Workers can buy a $99 punch card, good for five stops at the other locations, or a $250 monthly pass for unlimited access during drop-in hours, as well as upgrade options for current members. The passport grows from a long-standing desire to increase collaboration between the regions coworkers, said Stephanie Braun, director at Mogwai Collaborative in Mankato.

“I think it’s an important gesture that we coworking directors come together to collaborate like this — to not only offer our entrepreneurs productive and professional working environments in a number of locations, but to also inspire more collaboration between the entrepreneurs themselves, and help jump-start our region’s innovations in the process,” Braun said in a press release.

In addition to Mogwai and Austin’s Launch Coworking, the passport program covers Collider Coworking in Rochester, Pi-Co.Works in Pine Island, Red Wing Ignite in Red Wing and The Garage Cowork Space in Winona.

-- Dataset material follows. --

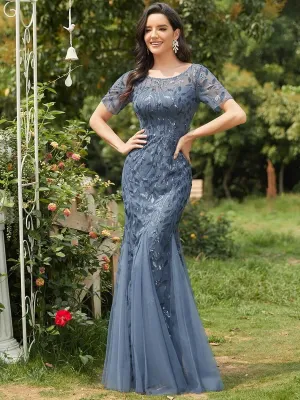 Krystal leaf pattern dress with sequins in dusky navy s8-10 Express NZ wide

Apiary Coworking in St. Cloud isn’t a part of any such coworking network yet — it’s only been open for a few weeks — but founder Jon Hicks thinks a regional view might be even more important for coworking in small communities than in big cities. A former commercial appraiser in Minneapolis, Hicks sees a client base with a greater number of remote workers for larger companies than might be the case in the North Loop.

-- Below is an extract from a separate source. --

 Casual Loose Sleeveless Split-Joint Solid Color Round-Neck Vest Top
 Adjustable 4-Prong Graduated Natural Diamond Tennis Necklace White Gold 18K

“It’s not necessarily like the startup company or the tech company that’s looking to grow and that’s going to grow exponentially, and that needs to very quickly go from one office to five offices,” Hicks said in an interview.

Many of these remote workers might be in a sales role or similar position that involves covering a lot of area, and partnerships between coworking providers can be an attractive way to do that, he said.

“Maybe that company that has two three people and they’re coming through our area, one person at a time, maybe a couple days a week at a time,” Hicks said. “They could share one office instead of three offices for three people. And maybe those same three people are in Fergus Falls, or Alexandria.”

In Greater Minnesota, without ready access to an entire metropolitan area’s talent and capital, coworking can succeed by relying on the strength of social networks and partnerships formed in smaller communities. That’s the lesson Williams takes from the passport network, which he hopes will expand to other cities and, maybe eventually, into the metro.

“It’s very much in our blood to come up with programs like this and make stuff work,” he said. “I don’t know if you know how expandable this is beyond this region, but the fact that we all knew each other and we’re working together on programs and collaborating already, definitely lowered the threshold for making this happen.”